Через полчаса я услышал звонок — один, потом два раза подряд — и заметил, как напряглась Лайза в ожидании третьего, а потом перед нами предстал Капитан с незавернутой пижамой в руках. Такой пижамы я не выбрал бы даже и в том возрасте, так как почему-то терпеть не мог оранжевый цвет, а у этой пижамы были не только оранжевые полосы, но еще и апельсины на кармашках. (Апельсины мне нравились только в оранжаде, но даже когда я пил оранжад, то зажмуривался, чтобы не видеть цвет напитка.)
— Где ты ее добыл? — спросила Лайза.
— Без всяких трудностей, — сказал Капитан, а сейчас, наверное, сказал бы: «Без проблем».
Это я сегодняшними глазами подметил, что он увильнул от прямого ответа. Память — она ведь обманщица. Уверен же я — или почти уверен — лишь в том, что он сказал мне:
— Пора на покой, Джим.
— Он что же, так и будет называться Джимом?
— Любым именем, каким ты захочешь, дорогая.

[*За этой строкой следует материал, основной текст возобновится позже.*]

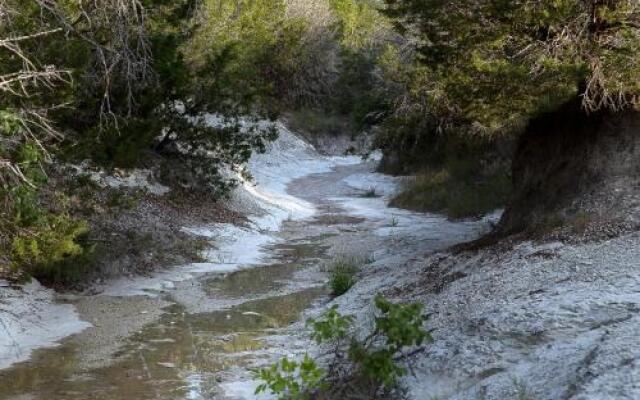 Rocky Overlook at Scurlock Farms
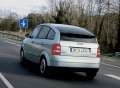Audi A2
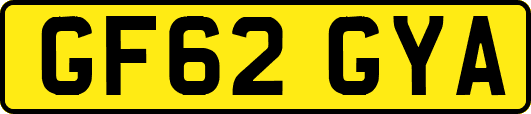 GF62GYA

Выбирай.
Вот уж тут я уверен, что правильно запомнил слово «дорогая», которым не часто пользовались в школе, или в доме моей тетки, или даже — как я позже узнаю — эти двое.

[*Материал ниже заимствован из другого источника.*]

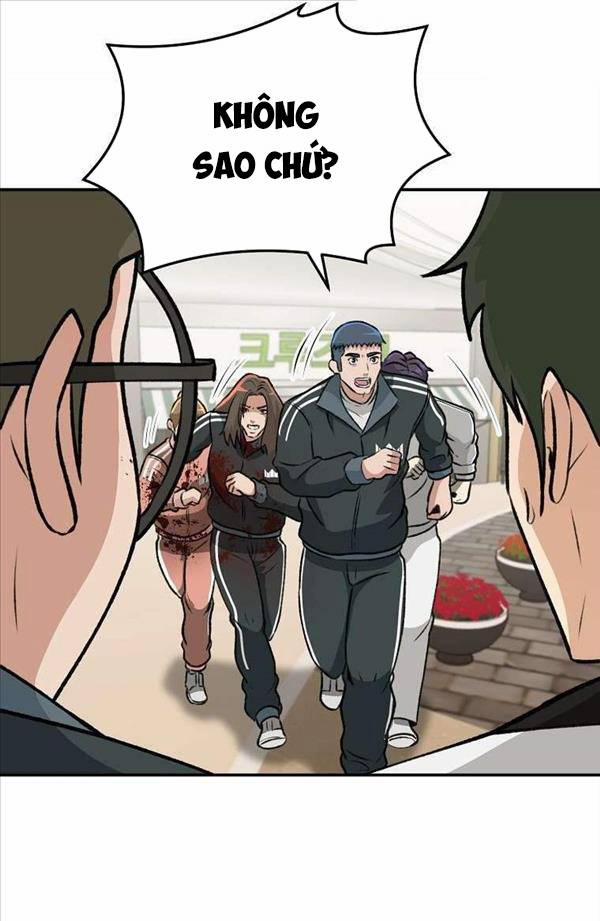 Con Tàu Zombie 10 trang 51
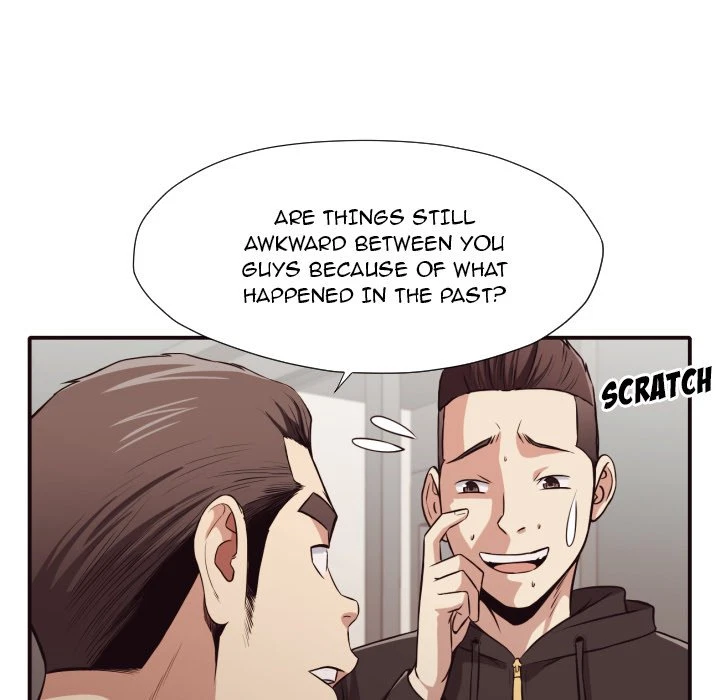 Chapter 43, page 58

На диван я улегся в трусах, предварительно смяв как следует оранжевую пижаму, чтобы скрыть, что я в ней не спал.
На другое утро меня разбудил незнакомый женский голос, звавший: «Джим!». Я понятия не имел, где нахожусь. Пошарив под диваном в поисках привычного ночного горшка, но не обнаружив его — на коврике стояла лишь кастрюлька, — я в изумлении поглядел направо и налево, ожидая увидеть деревянные перегородки, которые в школьном дортуаре отделяли кровати друг от друга, но их не оказалось. Впервые за многие годы я был совсем один — ни голосов, ни тяжелого дыхания, ни портящих воздух трубных звуков. Только женский голос, зовущий снизу:
— Джим!
Кто такой «Джим»? Тут я увидел валявшуюся на полу пижаму и нехотя натянул ее.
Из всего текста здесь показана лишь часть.